##### Records for this task
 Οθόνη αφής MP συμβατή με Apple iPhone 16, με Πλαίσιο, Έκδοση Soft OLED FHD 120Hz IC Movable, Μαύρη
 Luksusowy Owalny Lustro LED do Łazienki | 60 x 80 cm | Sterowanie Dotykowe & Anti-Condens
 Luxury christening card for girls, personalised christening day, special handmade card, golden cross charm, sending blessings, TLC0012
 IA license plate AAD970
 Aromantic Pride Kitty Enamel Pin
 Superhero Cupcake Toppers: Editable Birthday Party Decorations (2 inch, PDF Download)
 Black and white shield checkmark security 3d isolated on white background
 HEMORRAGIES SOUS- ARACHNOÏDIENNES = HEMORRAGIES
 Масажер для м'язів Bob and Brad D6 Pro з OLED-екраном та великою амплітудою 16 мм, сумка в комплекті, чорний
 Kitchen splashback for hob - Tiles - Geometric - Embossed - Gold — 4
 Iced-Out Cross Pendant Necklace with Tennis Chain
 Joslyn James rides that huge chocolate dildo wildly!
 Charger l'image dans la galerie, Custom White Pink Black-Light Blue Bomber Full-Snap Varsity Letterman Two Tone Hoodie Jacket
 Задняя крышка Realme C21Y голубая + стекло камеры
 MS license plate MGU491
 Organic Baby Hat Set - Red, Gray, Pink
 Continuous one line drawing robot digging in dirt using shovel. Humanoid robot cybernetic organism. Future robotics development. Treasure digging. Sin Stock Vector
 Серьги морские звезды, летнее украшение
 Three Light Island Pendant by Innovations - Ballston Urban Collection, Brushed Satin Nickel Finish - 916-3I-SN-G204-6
##########
[Your instructions] None of the records may be left out; each is to be restated exactly.

[Answer to this problem]
 Οθόνη αφής MP συμβατή με Apple iPhone 16, με Πλαίσιο, Έκδοση Soft OLED FHD 120Hz IC Movable, Μαύρη
 Luksusowy Owalny Lustro LED do Łazienki | 60 x 80 cm | Sterowanie Dotykowe & Anti-Condens
 Luxury christening card for girls, personalised christening day, special handmade card, golden cross charm, sending blessings, TLC0012
 IA license plate AAD970
 Aromantic Pride Kitty Enamel Pin
 Superhero Cupcake Toppers: Editable Birthday Party Decorations (2 inch, PDF Download)
 Black and white shield checkmark security 3d isolated on white background
 HEMORRAGIES SOUS- ARACHNOÏDIENNES = HEMORRAGIES
 Масажер для м'язів Bob and Brad D6 Pro з OLED-екраном та великою амплітудою 16 мм, сумка в комплекті, чорний
 Kitchen splashback for hob - Tiles - Geometric - Embossed - Gold — 4
 Iced-Out Cross Pendant Necklace with Tennis Chain
 Joslyn James rides that huge chocolate dildo wildly!
 Charger l'image dans la galerie, Custom White Pink Black-Light Blue Bomber Full-Snap Varsity Letterman Two Tone Hoodie Jacket
 Задняя крышка Realme C21Y голубая + стекло камеры
 MS license plate MGU491
 Organic Baby Hat Set - Red, Gray, Pink
 Continuous one line drawing robot digging in dirt using shovel. Humanoid robot cybernetic organism. Future robotics development. Treasure digging. Sin Stock Vector
 Серьги морские звезды, летнее украшение
 Three Light Island Pendant by Innovations - Ballston Urban Collection, Brushed Satin Nickel Finish - 916-3I-SN-G204-6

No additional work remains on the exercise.